In short, Texas Hold’em is a fantastically enjoyable game in and of itself, but if you want to play to win, you’ll need to develop and maintain a solid Texas Hold’em poker strategy.

There are several aspects that go into a good poker strategy, including the obvious, such as Starting Hands and Player Types (reading your opponent), but also things like Player Position and Bankroll Management. We’ll cover each of these elements individually.

Texas Hold’em Poker Strategy – Player Types

There are generally four types of poker players:

Tight / Passive: Slow bettor that only plays the best starting hands.
Tight / Aggressive: Assertive bettor that plays only the best starting hands.
Loose / Passive: Will play any hand, but play it slow.
Loose / Aggressive: Bets belligerently on any hand.

From these four player types, you have two goals to accomplish. First, you need to become a Tight / Aggressive poker player. This is the best proven poker strategy, popularized by many of today’s top pros. The second goal is to play against Loose / Passive and Loose / Aggressive players. Loose poker players are the easiest to overtake when using a Tight poker strategy.

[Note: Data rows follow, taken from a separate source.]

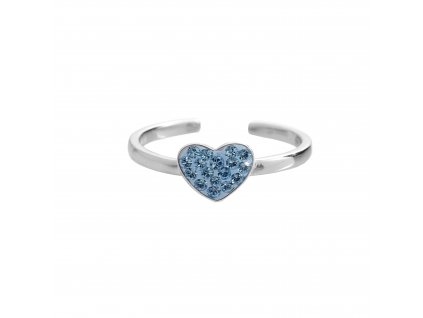 Stribrny prsten male srdicko s krystaly Swarovski Aquamarine (Stribro 925/1000)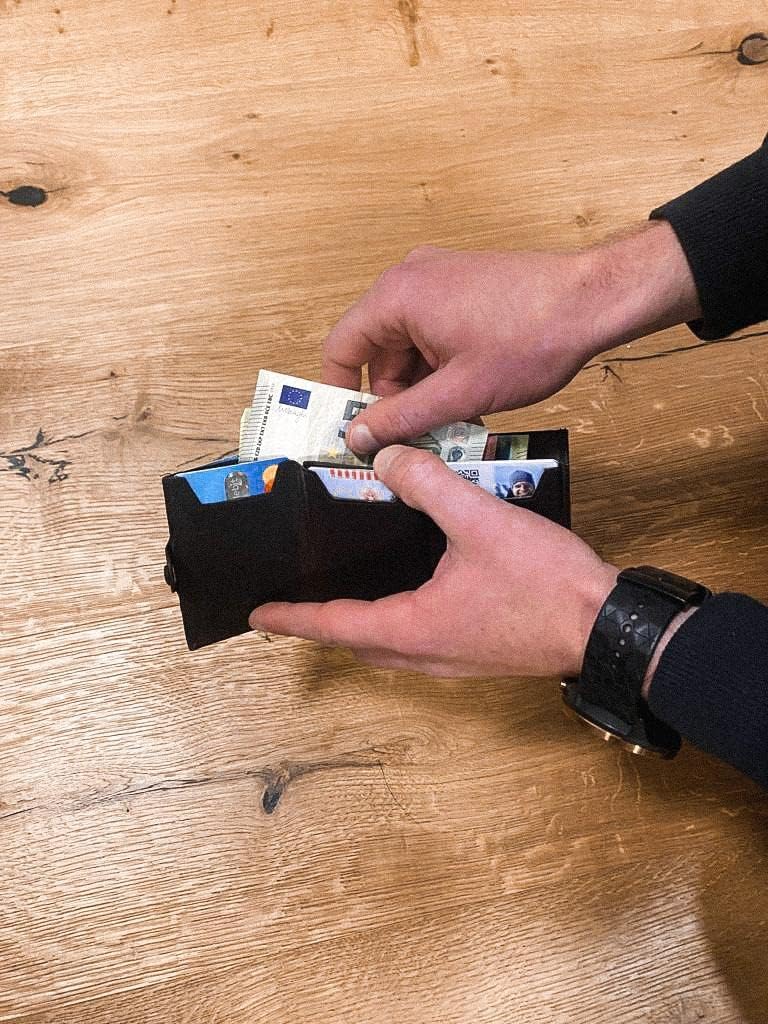 X-POC Kreditkartenetui mit Münzfach aus echten Leder, Karten Portemonnaie, Herren und Damen (rot), R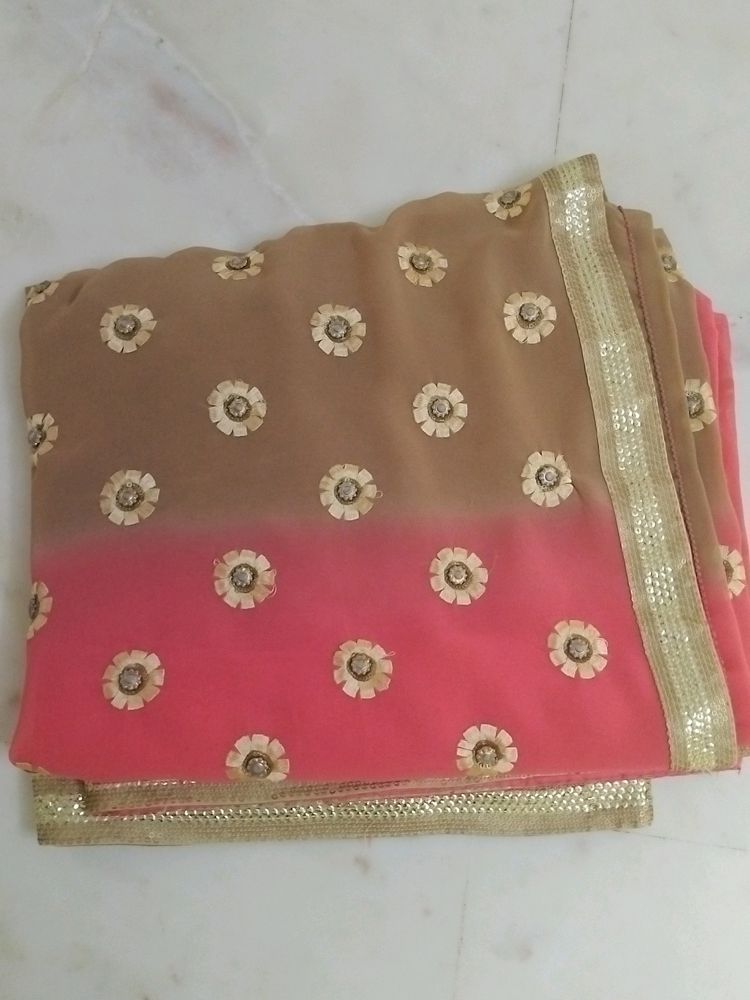 Beige And Pink Saree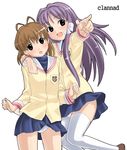  clannad fujibayashi_kyou furukawa_nagisa hikarizaka_private_high_school_uniform imaichi multiple_girls panties pantyshot school_uniform thighhighs underwear 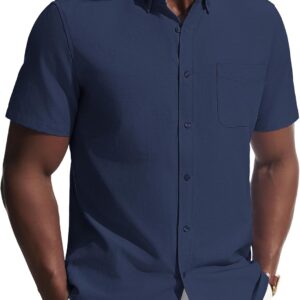 Mens Dress Shirts Oxford Button Down Shirt Short Sleeve Business Casual Untucked Shirts with Pocket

Simply knowing the tendencies of each categorical player type will help you identify them at the tables.

Through behavioral observation or your opponents, a player can modify their poker strategy as needed for maximum effectiveness. For instance, if you notice one player always starts up a conversation or cracks a joke when he’s bluffing hands, or another player always Checks or Calls with a fantastic hand. These little observations can greatly increase your profit potential if you modify your poker strategy to counter-attack.

Texas Hold’em Poker Strategy – Starting Hands

Starting Hands consist only of two Hole Cards; the first cards dealt to you, that no other player is able to see. When playing a solid, ‘Tight’ Texas Hold’em poker strategy, the following hands are the only hands you should move on with, unless in position. (See ‘Texas Hold’em Poker Strategy – Player Position’ below.)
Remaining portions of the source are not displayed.